Growing up as a Navy Brat when my Dad would be out to sea the cruises would be anywhere from 6 months-1 year and for a young child without a good understanding of time, it was hard to conceptualize that amount of time. When we were 3 months away from my Dad returning home my Mom always made a paper chain so that we had a visual of how long we had left. Every day we would get to remove a link from the chain and as we watched it dwindle down the excitement would grow. The count was always however many full days were left and “a wake up”, which meant the day he was returning because we just had to wake up that day, i.e. 12 days and a wake-up. Once you got to 9 days and a wake up we were “single-digit midgets” because the number of days was no longer two numbers.

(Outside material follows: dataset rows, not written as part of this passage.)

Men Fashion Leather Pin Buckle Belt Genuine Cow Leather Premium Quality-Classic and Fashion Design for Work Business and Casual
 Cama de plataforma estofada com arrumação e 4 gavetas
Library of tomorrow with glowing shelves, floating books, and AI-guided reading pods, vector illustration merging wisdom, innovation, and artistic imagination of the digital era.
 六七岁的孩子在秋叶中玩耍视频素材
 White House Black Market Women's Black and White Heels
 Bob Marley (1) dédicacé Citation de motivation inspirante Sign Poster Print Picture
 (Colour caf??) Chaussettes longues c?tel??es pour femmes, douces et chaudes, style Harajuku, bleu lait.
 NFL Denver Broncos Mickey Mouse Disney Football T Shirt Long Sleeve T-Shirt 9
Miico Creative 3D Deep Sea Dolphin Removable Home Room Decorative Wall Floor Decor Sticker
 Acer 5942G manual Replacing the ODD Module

Now that I am a mom of a soon to be 4-year old I have started using the paper chain for him. We are not using it to count down anyone coming home, but we are using them to count down our trips to visit my parents in Alabama. At the 3 month mark from when we are making the drive down, I put together the chain and we start taking one off each morning. When he asks if we are going now, I can direct him to look at how big the chain is and remind him that we will be going once we throw away the final link in the chain. I have also discovered that not only does it help him to have a visual of this abstract concept of time but it helps me also. It is exciting for me to watch as the chain gets smaller, and to know that removing a link each day means seeing my parents is getting closer and closer.
When I made the most recent chain I got the construction paper, scissors, the marker, tape, and my wine and started cutting. As I was putting the dates and the countdown numbers on the chains somehow my countdown ended before they should have and I had extra chains for my dates. So I just stopped worrying about the countdown and simply put the dates on each chain. The scissors I was using were from when my 17 and 15-year-old niece and nephew were little and the plastic coating was slowly coming off in my hands but they were still sharp enough to cut the paper. About halfway through our 3-month countdown, the humidity made the tape come off of my links and the chain came apart. So I got the glue out this time and was organizing it to put it all back together and I discovered that I had a few duplicative dates in my chain, which explained why my countdown didn’t work the first time around. I removed the extra days and our countdown continued, and it was then that I realized that wine and chain making is clearly not things I should combine.
It is amazing to me that something as simple as making a chain out of construction paper can be so memorable and a tradition that is continued into a second generation. I hope that my son remembers this as fondly as I do from childhood and continues it if he ever has children of his own.